- [Task item]:
No pictures go into the copy. Write out exactly the lines below from the one containing "Святыня – в Ростове" through the one containing "<p>Upon arriving in".

- [Material for the task]:
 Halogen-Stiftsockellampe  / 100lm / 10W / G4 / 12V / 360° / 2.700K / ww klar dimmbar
---
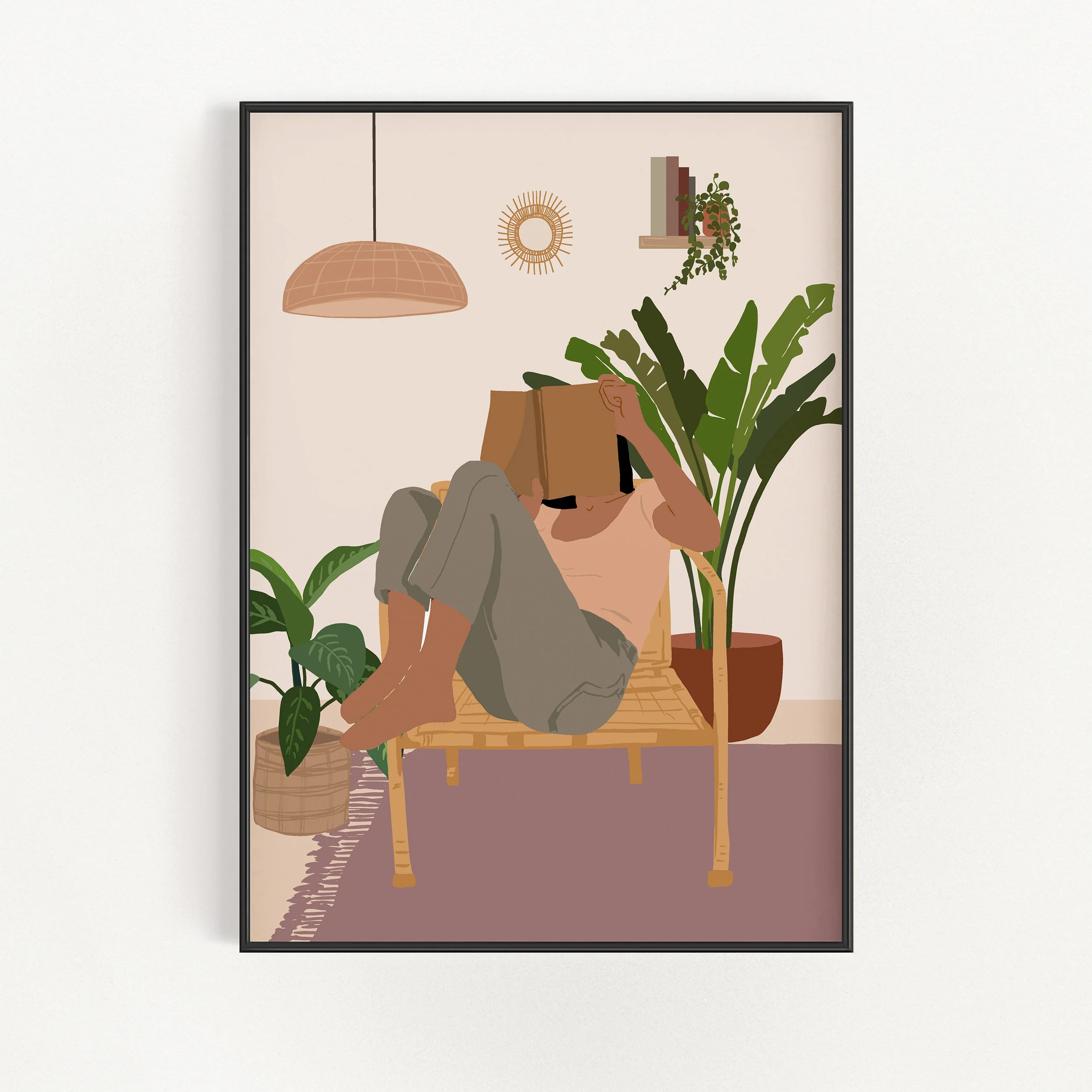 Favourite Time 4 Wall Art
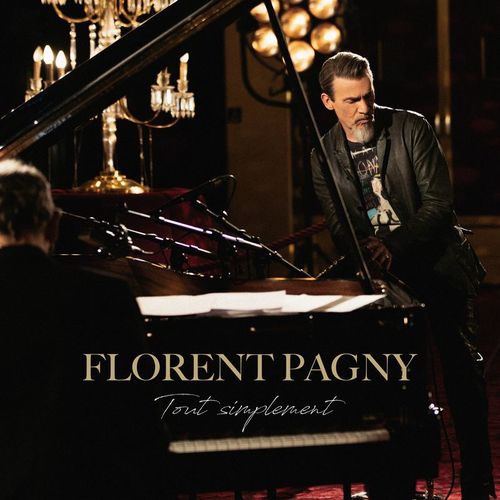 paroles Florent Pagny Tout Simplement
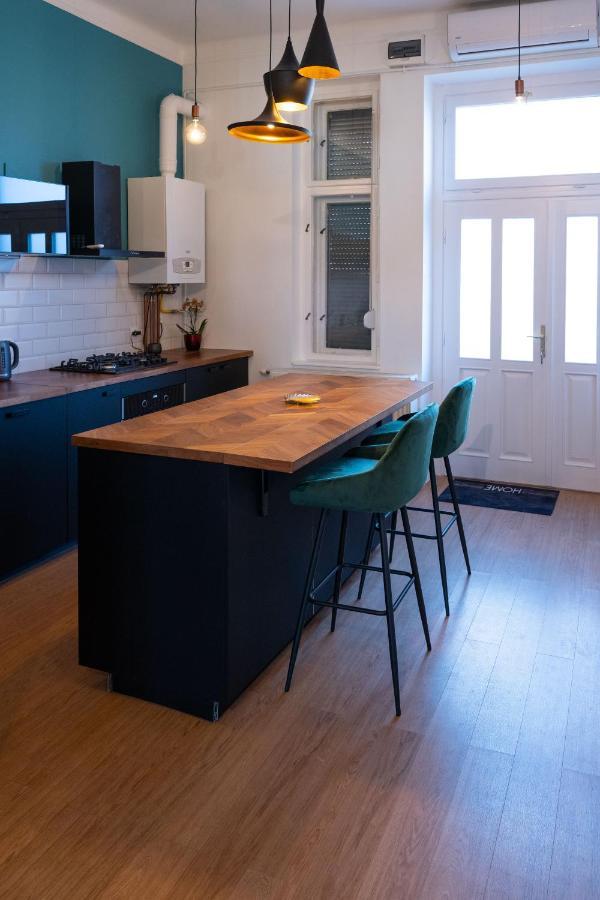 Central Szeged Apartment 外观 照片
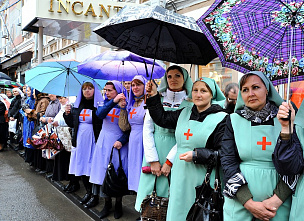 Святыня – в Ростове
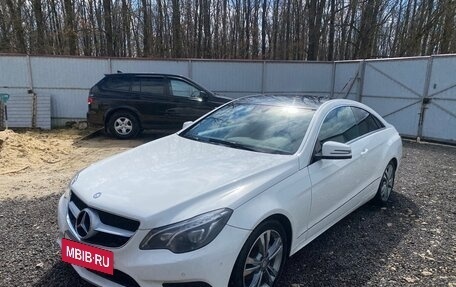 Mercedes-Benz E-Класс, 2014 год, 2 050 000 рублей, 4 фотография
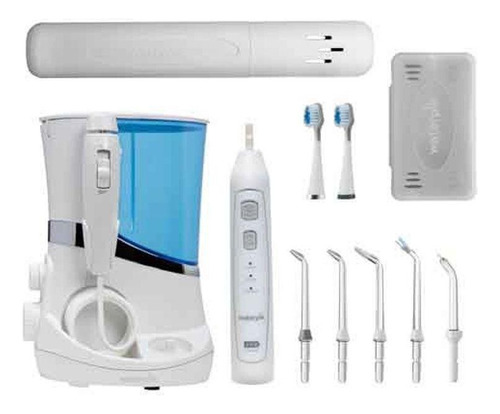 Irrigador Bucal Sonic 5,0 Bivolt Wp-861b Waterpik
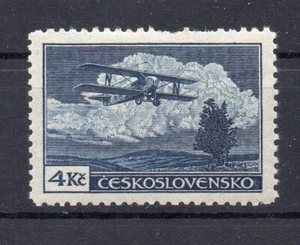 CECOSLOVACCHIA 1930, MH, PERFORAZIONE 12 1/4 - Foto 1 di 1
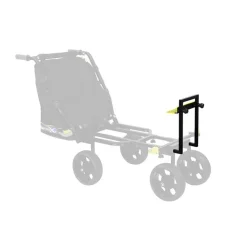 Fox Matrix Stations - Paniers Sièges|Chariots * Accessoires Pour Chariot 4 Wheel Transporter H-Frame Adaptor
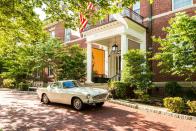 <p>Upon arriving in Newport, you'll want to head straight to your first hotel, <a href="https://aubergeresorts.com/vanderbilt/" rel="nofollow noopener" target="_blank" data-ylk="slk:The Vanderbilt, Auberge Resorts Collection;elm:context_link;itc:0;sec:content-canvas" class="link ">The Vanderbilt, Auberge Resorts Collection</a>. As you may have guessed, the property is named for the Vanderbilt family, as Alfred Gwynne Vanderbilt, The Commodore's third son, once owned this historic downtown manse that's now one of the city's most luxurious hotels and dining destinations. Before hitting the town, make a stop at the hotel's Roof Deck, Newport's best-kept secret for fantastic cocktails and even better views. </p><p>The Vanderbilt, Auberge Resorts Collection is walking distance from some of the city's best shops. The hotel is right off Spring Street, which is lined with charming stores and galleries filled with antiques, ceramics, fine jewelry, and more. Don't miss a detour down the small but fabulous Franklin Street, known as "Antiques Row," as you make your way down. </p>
==
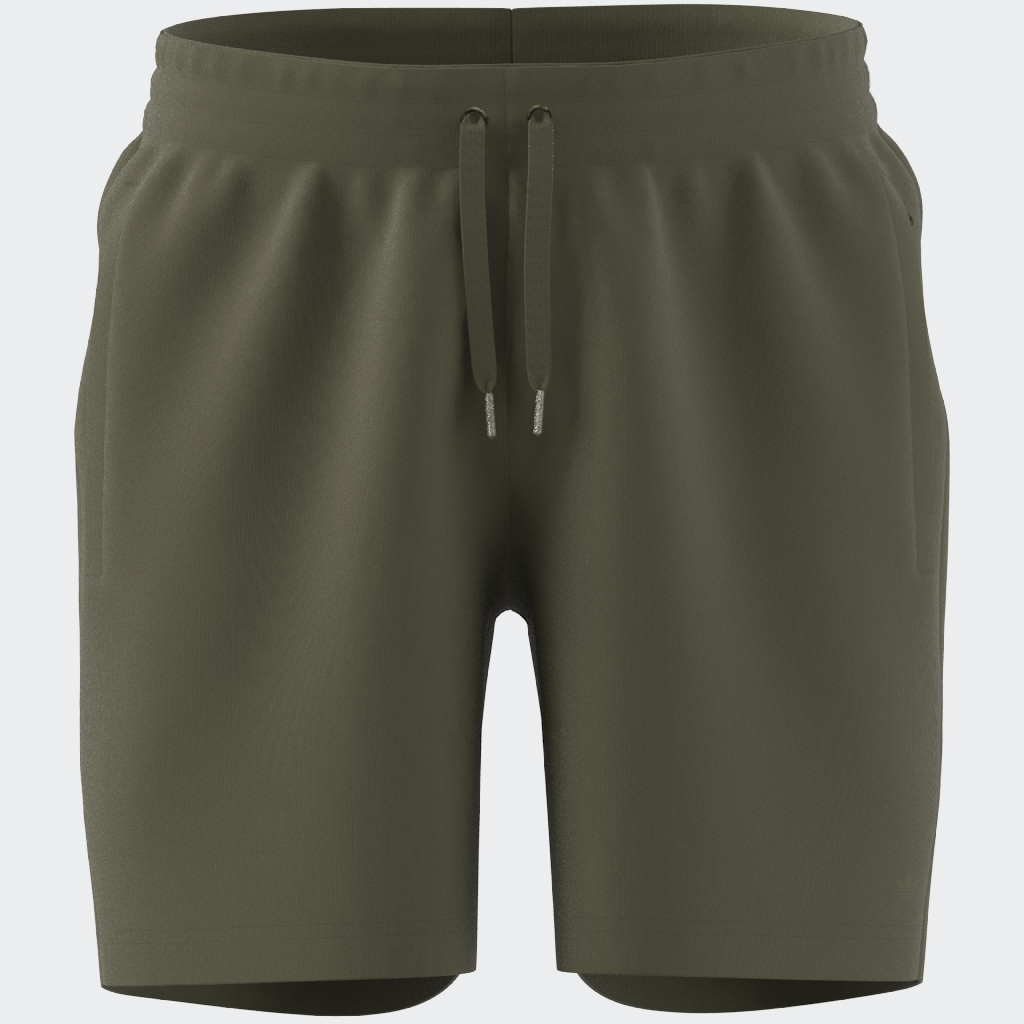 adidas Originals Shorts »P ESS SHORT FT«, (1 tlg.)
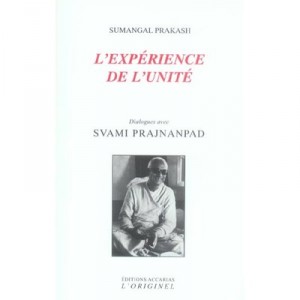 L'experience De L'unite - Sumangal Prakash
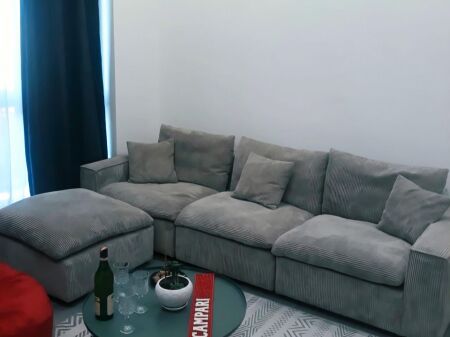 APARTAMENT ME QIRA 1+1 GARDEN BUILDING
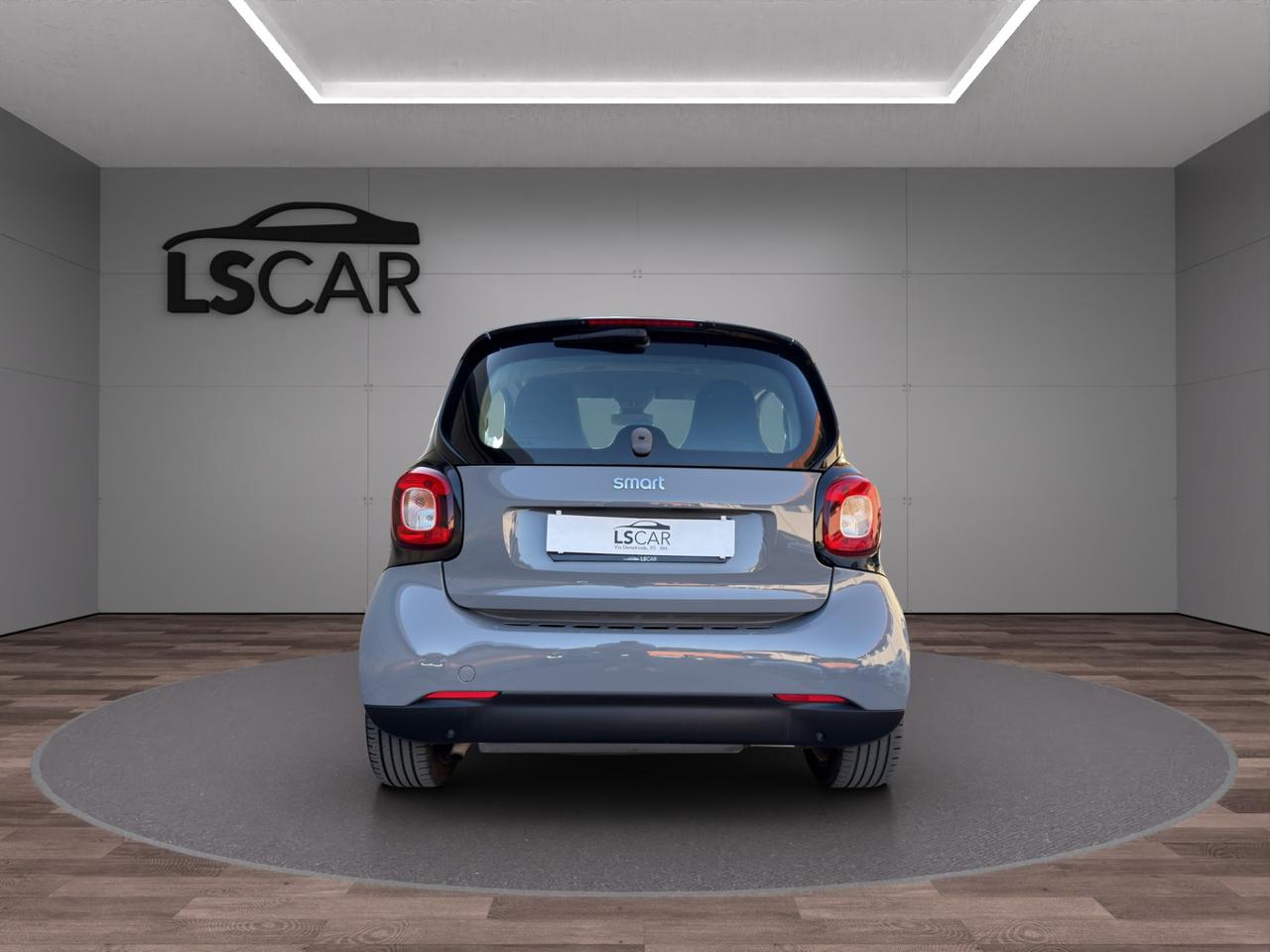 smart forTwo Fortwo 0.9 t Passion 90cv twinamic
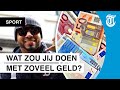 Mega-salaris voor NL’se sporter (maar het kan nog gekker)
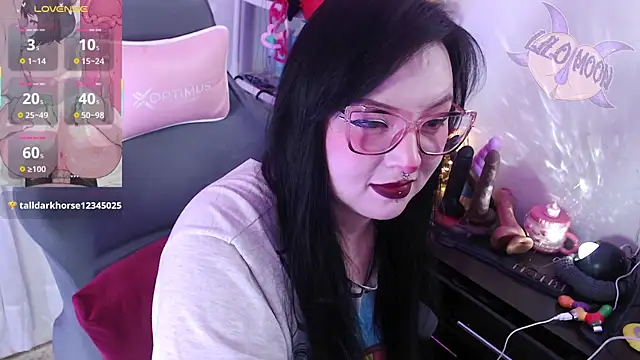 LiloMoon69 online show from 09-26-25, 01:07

- [Response to the exercise]:
 Святыня – в Ростове
 Mercedes-Benz E-Класс, 2014 год, 2 050 000 рублей, 4 фотография
 Irrigador Bucal Sonic 5,0 Bivolt Wp-861b Waterpik
 CECOSLOVACCHIA 1930, MH, PERFORAZIONE 12 1/4 - Foto 1 di 1
 Fox Matrix Stations - Paniers Sièges|Chariots * Accessoires Pour Chariot 4 Wheel Transporter H-Frame Adaptor
 <p>Upon arriving in Newport, you'll want to head straight to your first hotel, <a href="https://aubergeresorts.com/vanderbilt/" rel="nofollow noopener" target="_blank" data-ylk="slk:The Vanderbilt, Auberge Resorts Collection;elm:context_link;itc:0;sec:content-canvas" class="link ">The Vanderbilt, Auberge Resorts Collection</a>. As you may have guessed, the property is named for the Vanderbilt family, as Alfred Gwynne Vanderbilt, The Commodore's third son, once owned this historic downtown manse that's now one of the city's most luxurious hotels and dining destinations. Before hitting the town, make a stop at the hotel's Roof Deck, Newport's best-kept secret for fantastic cocktails and even better views. </p><p>The Vanderbilt, Auberge Resorts Collection is walking distance from some of the city's best shops. The hotel is right off Spring Street, which is lined with charming stores and galleries filled with antiques, ceramics, fine jewelry, and more. Don't miss a detour down the small but fabulous Franklin Street, known as "Antiques Row," as you make your way down. </p>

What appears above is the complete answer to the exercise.